**What the exercise asks**
In your copy of the entries, please include no pictures and return every word exactly.

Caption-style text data
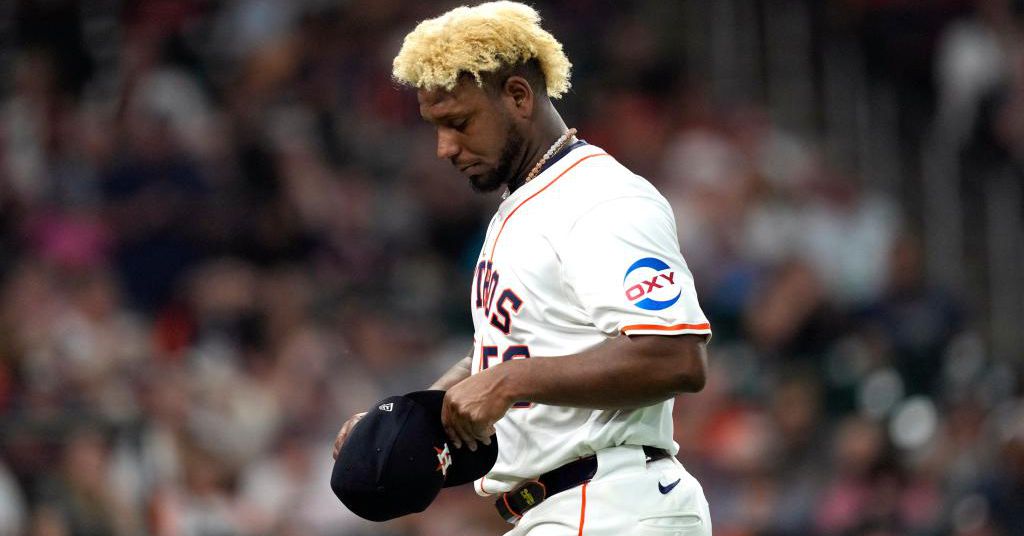 Astros drop first game to Brewers 5-1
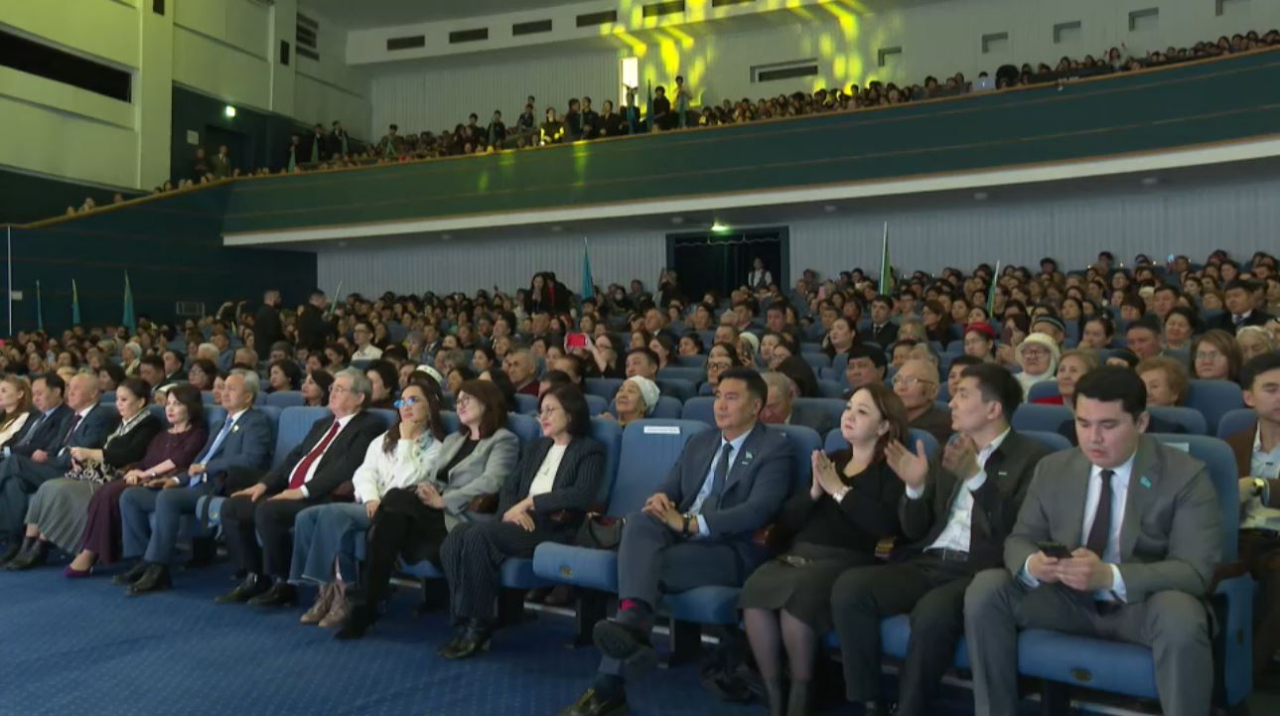 Концерт в столице приурочили новой Конституции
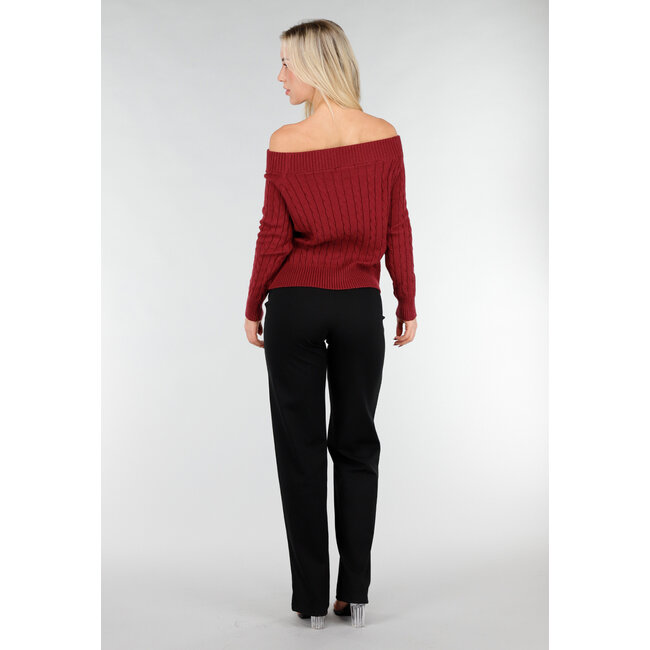 Dunkelrosa Off-Shoulder-Pullover mit Zopfmuster und breitem Halsausschnitt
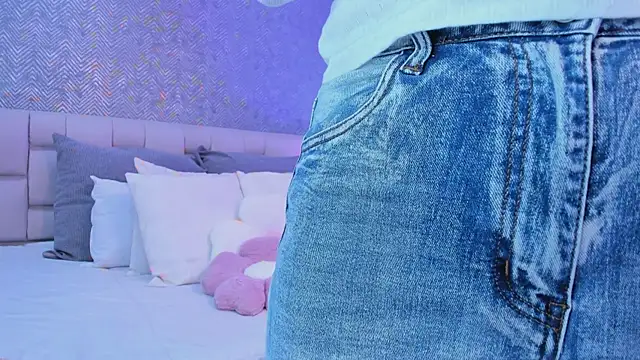 ah mara  online show from November 7, 2025, 11:32 am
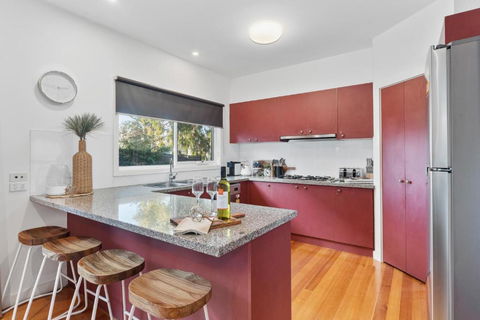 Seaford Luxe Beach House 2023 BDC Traveller Award Winner - Yamba Accommodation 3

**Solved exercise**
 Astros drop first game to Brewers 5-1
 Концерт в столице приурочили новой Конституции
 Dunkelrosa Off-Shoulder-Pullover mit Zopfmuster und breitem Halsausschnitt
 ah mara  online show from November 7, 2025, 11:32 am
 Seaford Luxe Beach House 2023 BDC Traveller Award Winner - Yamba Accommodation 3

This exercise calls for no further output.